J’aime à dire qu’elle travaille comme les Orientalistes du XIXe siècle, mais des Orientalistes qui auraient lu Fanon et Césaire, qui auraient compris tout ce qu’ils voyaient et dont les peintures n’auraient pas été destinées aux salons des grandes métropoles coloniales. Des Orientalistes qui auraient, en fin de compte, véritablement compris l’Afrique. La force de ses créations rappelle Alexandre Iacovleff, le peintre « officiel » de la Croisière noire, dont les créations marquent une rupture sans précédent.

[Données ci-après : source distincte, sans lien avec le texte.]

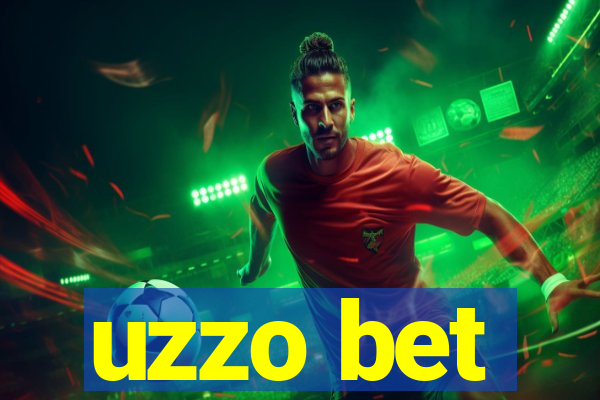uzzo bet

Tout comme lui, Delphine Diallo propose une puissance magnétique d’une force quasi magique qui nous fait basculer dans un univers de contes et légendes aussi merveilleux que spirituels. J’aime l’entendre dire : « Je suis l’art, je respire l’art, je suis la machine de la création. La nature donne à l’humain le don de devenir un visionnaire. Certains d’entre nous ont le don de vision – c’est pourquoi les Amérindiens ont des chamans. Nous avons perdu cette capacité dans notre société. Je ne cherche pas seulement à être un artiste et une photographe. Je veux aller vers une compréhension plus profonde de ma vision… » Car, comme elle le suggère, le véritable objet de l’art est de guérir le monde actuel, et c’est ce qu’elle fait.

« Je vois la photographie comme un moyen d’exprimer la conscience et un outil pour aider à promouvoir une société plus inclusive. La photographie est mon espace pour l’acceptation, l’intégrité, la sagesse, la beauté, la force, la foi, le mystère et la matière universelle », une philosophie de son travail qui n’est que dans sa genèse.

Ces photographies permettent de raconter des histoires sans aucun mot.